What is required → Pictures in the records below must be left out. Return exactly the lines from the line with "济公之降龙有悔(济公之降龙有悔视频)" to the line with "Ready For Your Afterlife?", both included.

======== Provided data ========

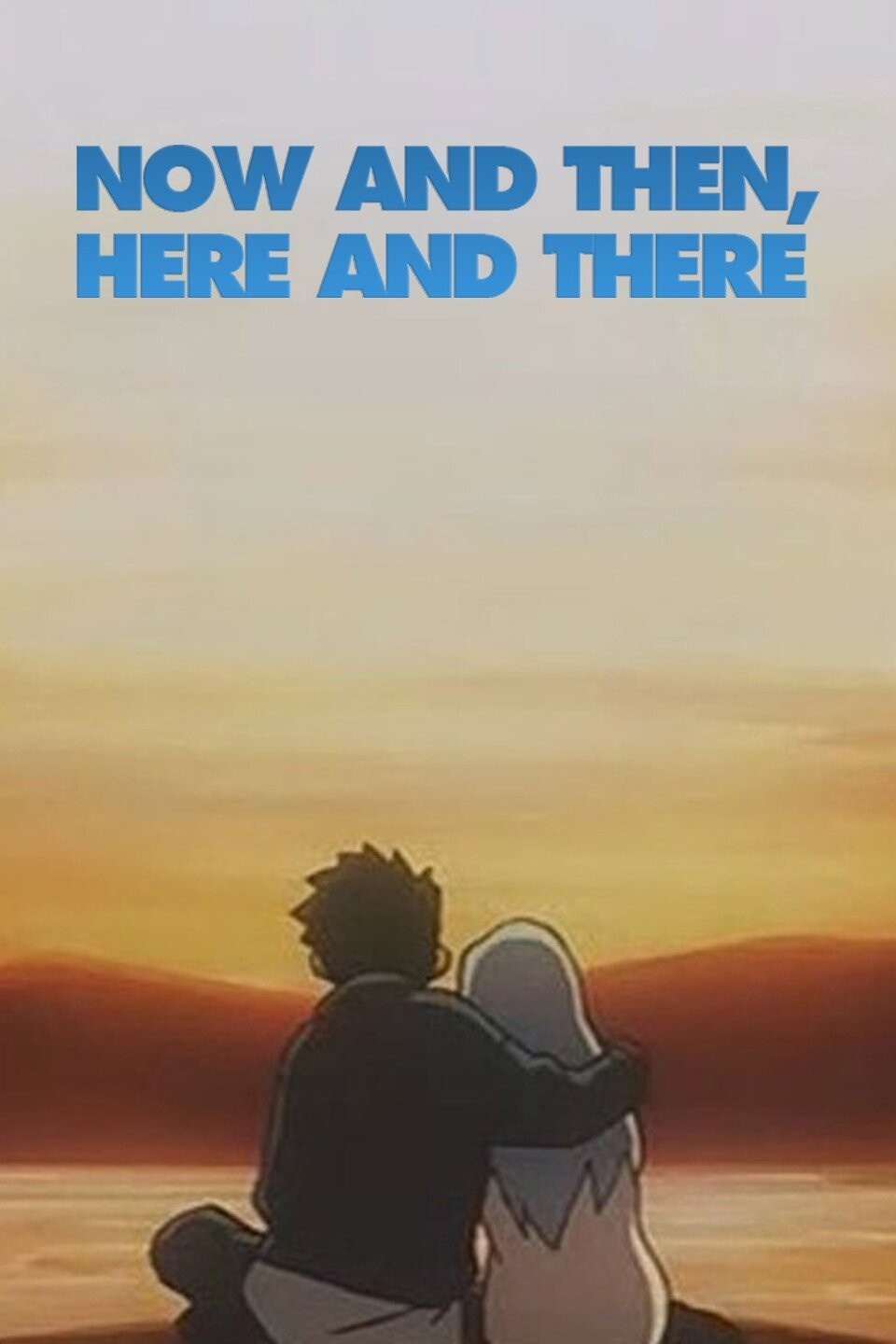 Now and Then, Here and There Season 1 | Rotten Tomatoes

========
======== Provided data ========

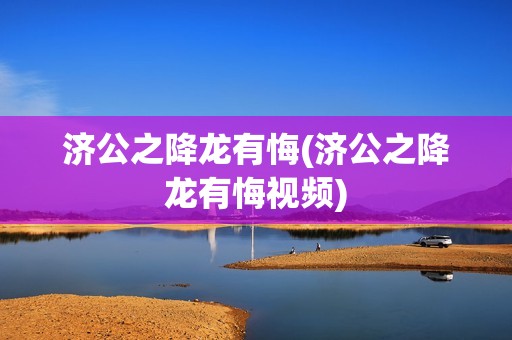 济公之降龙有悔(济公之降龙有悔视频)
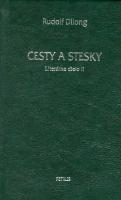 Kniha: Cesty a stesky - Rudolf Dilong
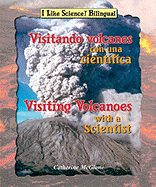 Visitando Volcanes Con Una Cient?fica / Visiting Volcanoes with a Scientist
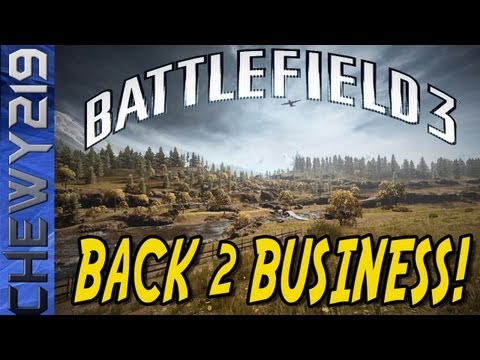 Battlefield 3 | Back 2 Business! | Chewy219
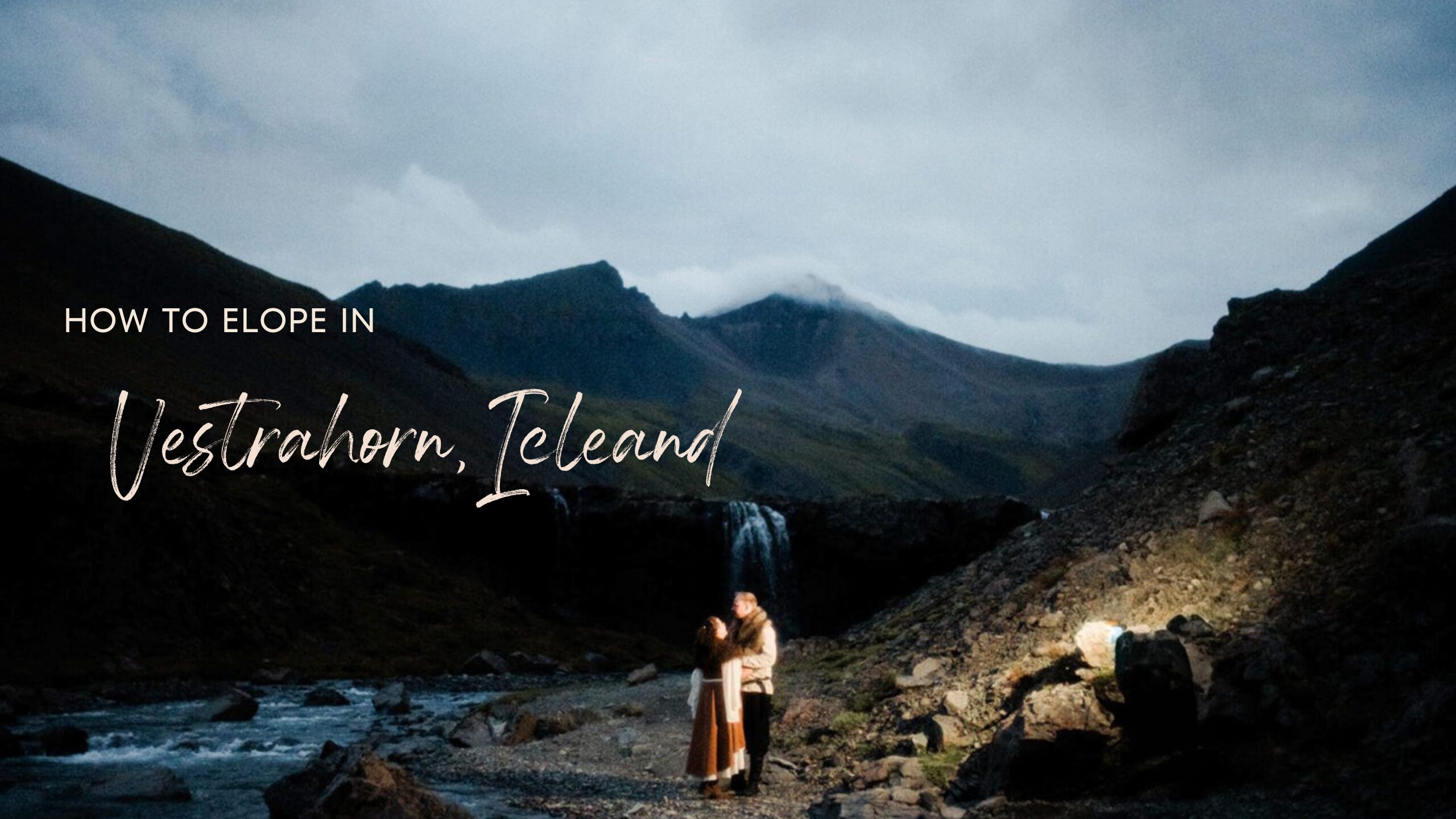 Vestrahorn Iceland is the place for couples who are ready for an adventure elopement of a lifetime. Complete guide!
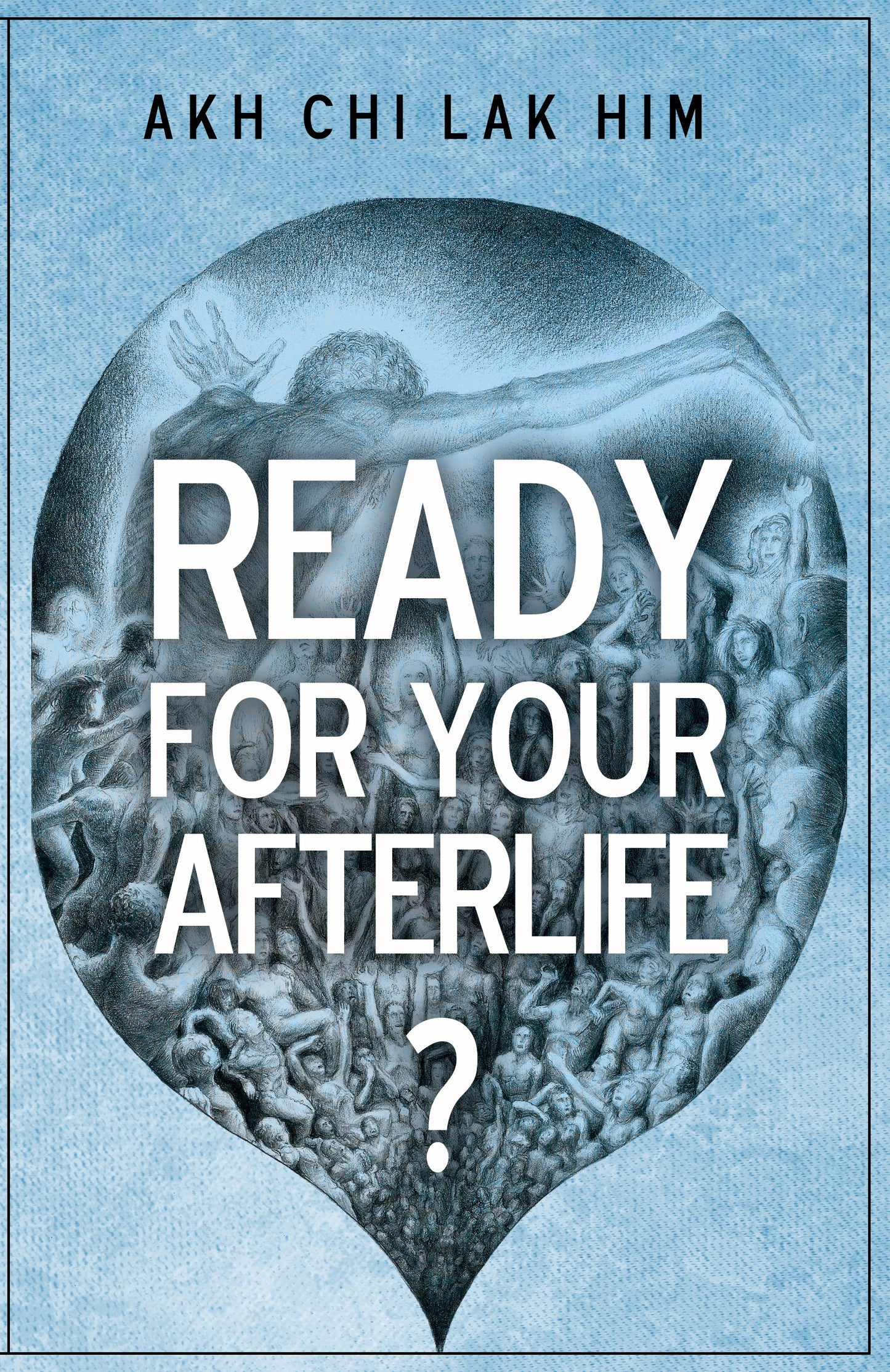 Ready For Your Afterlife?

========

Task answer →
 济公之降龙有悔(济公之降龙有悔视频)
 Kniha: Cesty a stesky - Rudolf Dilong
 Visitando Volcanes Con Una Cient?fica / Visiting Volcanoes with a Scientist
 Battlefield 3 | Back 2 Business! | Chewy219
 Vestrahorn Iceland is the place for couples who are ready for an adventure elopement of a lifetime. Complete guide!
 Ready For Your Afterlife?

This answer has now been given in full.